This PR adds benchmarks to Encode()/Decode().
The benchmark commit is duplicated in #13632.
147 | @@ -147,11 +148,15 @@ namespace bech32 148 | std::string Encode(const std::string& hrp, const data& values) { 149 | data checksum = CreateChecksum(hrp, values); 150 | data combined = Cat(values, checksum); 151 | - std::string ret = hrp + '1'; 152 | - ret.reserve(ret.size() + combined.size()); 153 | + size_t hrp_size = hrp.size(); 154 | + char ret[hrp_size + combined.size() + 2]; 155 | + memcpy(ret, hrp.c_str(), hrp_size);
Is there slow-down associated with inlining hrp_size? Seems the compiler would optimize that.
I'll check. I didn't like repeatedly calling hrp.size() but it may be optimized away, as you say.
I don't think the difference warrants the extra line, so I removed it. Thanks for the nudge. :)
155 | + memcpy(ret, hrp.c_str(), hrp_size); 156 | + char* ptr = ret + hrp_size; 157 | + *(ptr++) = '1'; 158 | for (auto c : combined) { 159 | - ret += CHARSET[c]; 160 | + *(ptr++) = CHARSET[c];
How about switching to ++ptr?
Why? (And that would change the behavior to setting the next value rather than the current and iterating.)
++i is preferred over i++.
https://github.com/bitcoin/bitcoin/blob/master/doc/developer-notes.md
You can make the behavior fit by shifting the increment to the later operation in each case.
In this case, I think $(ptr++) is a better alternative, as it is more intuitive. Update the value and then move to the next position.
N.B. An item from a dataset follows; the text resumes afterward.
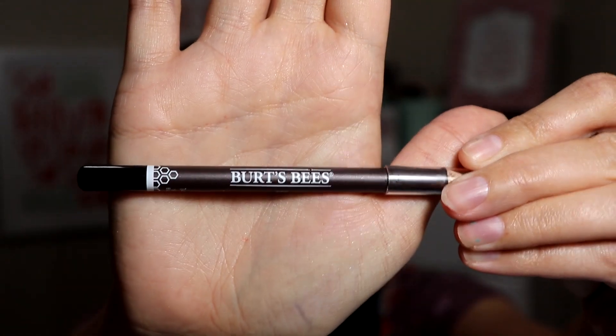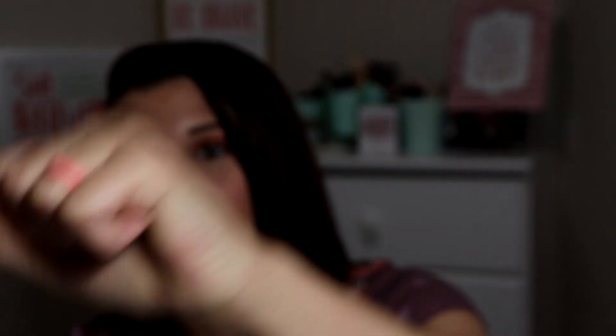First, and I'm sure if you watched my videos you knew this was coming — it's the Burt's Bees nourishing eyeliner. I absolutely love this stuff. It comes off really easily, it lasts forever, and it doesn't smudge underneath my eyes or anything like that.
Doing ++i here semantically means the pointer points to the last byte that was set, rather than the next available byte.
The nice thing about ++ptr, and the reason it is preferred AFAIK, is that it does not require a copy of the value in order to operate - you always operate using the value directly because it is holding the current value rather than the next one.
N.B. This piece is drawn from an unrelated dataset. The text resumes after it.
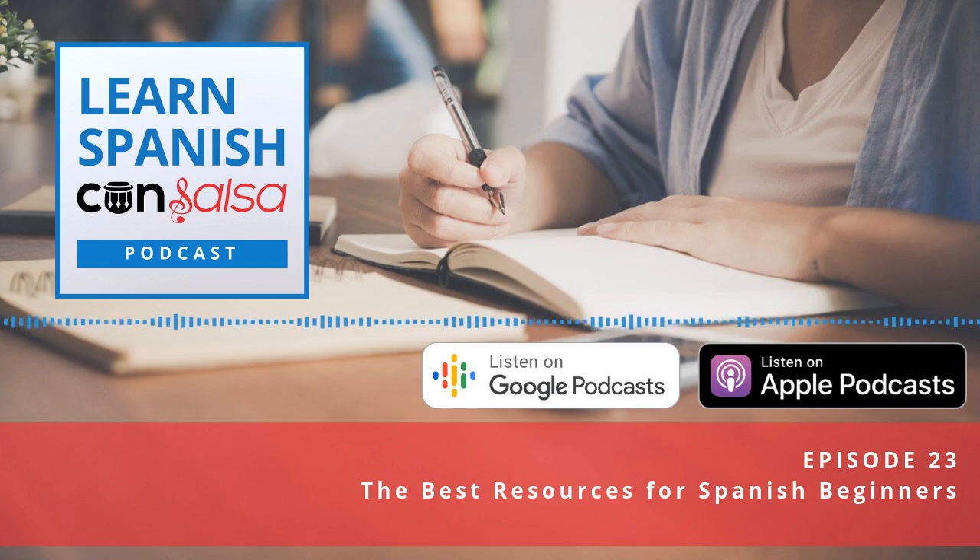I also have a full review of both Mango and Pimsleur linked in the show notes. For Mango, I have screenshots so you can see how the app looks. Once you get beyond the beginner courses, they have specific topic-based courses as well — including one on romance and dating, and texting in Spanish. So Mango has some fun stuff to check out.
In theory, ++x is faster than x++ for the reason you mention. However, in practice, for simple types the optimizer will rearrange things to avoid the copy. Even for more complex types this is often the case.
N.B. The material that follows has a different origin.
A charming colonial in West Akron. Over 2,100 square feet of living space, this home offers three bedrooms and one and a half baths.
Furthermore, just because a construct is preferred doesn't mean you need to go out of your way to use over an alternative. If there are good reasons for x++, like here, you can use it.
157 | for (auto c : combined) {
158 | - ret += CHARSET[c];
159 | + *(ptr++) = CHARSET[c];
160 | }
161 | + *ptr = 0;
162 | return ret;
Even faster: return std::string(ret, ptr); (no need for the string constructor to find the string length again, you already know).
Nice!
Damn.
Bech32Encode, 5, 800000, 3.79493, 9.32891e-07, 9.75863e-07, 9.47069e-07
Actually, the vanity generator did not see an increase in speed so this may have been a fluke. It didn't make it worse though so keeping.
Too bad it didn't help, but I prefer the avoidance of zero-terminated strings in any case.
<!--e57a25ab6845829454e8d69fc972939a-->Note to reviewers: This pull request conflicts with the following ones:
If you consider this pull request important, please also help to review the conflicting pull requests. Ideally, start with the one that should be merged first.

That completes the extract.